◆ What the task requires
The expected output is the data below, character for character, without its pictures.

◆ Available data
________________________

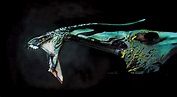 Free download | HD wallpaper: Great Leonopteryx, green monster ...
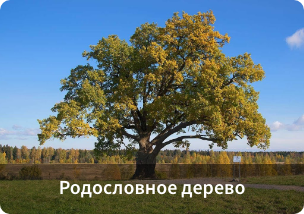 4 дерево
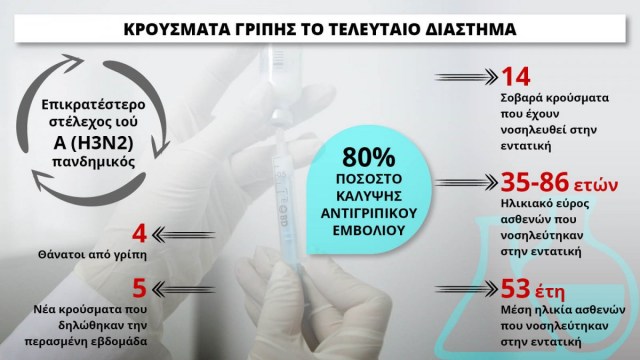 Νεκρός από την εποχική γρίπη στο Ναύπλιο - Φωτογραφία 2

________________________

◆ The completed task
 Free download | HD wallpaper: Great Leonopteryx, green monster ...
 4 дерево
 Νεκρός από την εποχική γρίπη στο Ναύπλιο - Φωτογραφία 2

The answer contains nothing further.